Given its title, Trypanosomes and Trypanosomiasis would appear to be the book to provide such an update. Unfortunately this title is misleading and the book in fact focusses largely on the biology (primarily from a laboratory perspective) of trypanosome species of sub-Saharan Africa. The book’s most alarming omission is of any reference to American trypanosomiasis (Chagas disease, caused by the trypanosome species Trypanosoma cruzi). Chagas disease is estimated to have been responsible for over 10,000 deaths in 2010 - slightly more than were caused by African trypanosomiasis . American trypanosomiasis also has distinct biology, ecology and epidemiology from the African trypanosomiases and it would have been interesting to have seen biological and epidemiological perspectives on both sets of diseases.
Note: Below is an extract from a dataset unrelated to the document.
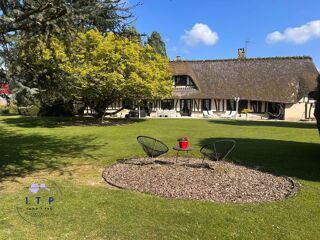  Maison à vendre 6 pièces 163 m²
Geographical bias aside, the book focusses very heavily on the biology of a single parasite species: T. brucei, with the first seven chapters providing detailed accounts covering cell biology, antigenic variation and immunology. These chapters are excellently written; each is packed with detail and punctuated with clear and informative figures. Chapter 2 is a particular highlight, giving a comprehensive review of T. brucei’s interactions with the tsetse fly: evading the immune system, modifying biting behaviour to its benefit and interacting with other gut microflora.
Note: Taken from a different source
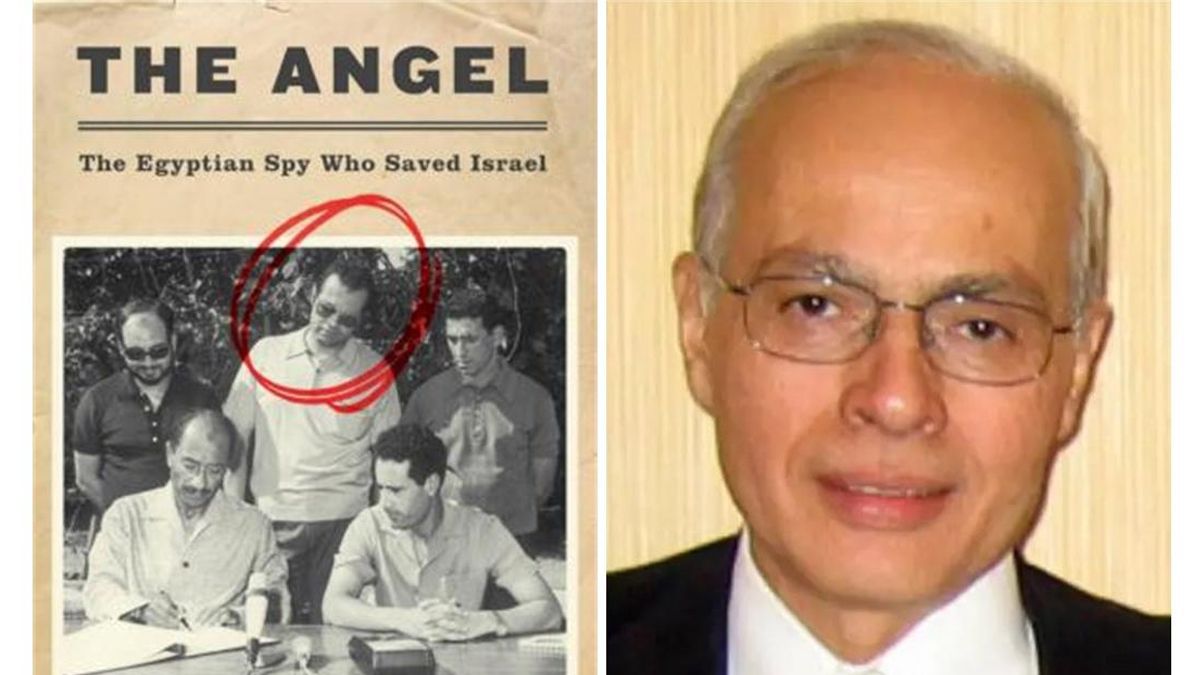 سجن ناشر مصري 5 سنوات لتوزيعه كتاب“الملاك أشرف مروان“ المحظور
By comparison with this wealth of biological information, it is unfortunate that only four chapters are given over to the study of trypanosomiasis. Whilst chapters 8 and 9 do provide a thorough overview of the historical and current state of diagnostics and treatments for human (and to a lesser extent animal) trypanosomiasis in Africa, they lack the informative visuals of the earlier chapters. The remaining two chapters give a slightly dry run-down of the animal trypanosomiases present in the Old World and Latin America and seem to have been included as an afterthought. A great deal of current epidemiological research into African trypanosomiasis is omitted. There is no mention of the ecology of the African trypanosomiases and their tsetse fly vectors, nor of the surveillance and control strategies which have led to a fourfold reduction in human disease burden over the last 20 years.
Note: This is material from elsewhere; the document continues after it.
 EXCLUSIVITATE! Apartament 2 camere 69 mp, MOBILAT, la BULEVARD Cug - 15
This is clearly a book compiled by and for laboratory-based biologists, rather than an overview of the entire research area. Set within that scope it is a useful reference text of the current state of knowledge on the biology of T. brucei and can be recommended to those with an interest in this area. When it comes to trypanosomiasis or other trypanosome species however this book is no replacement for any of the existing comprehensive (though already fairly dated) tomes on the subject.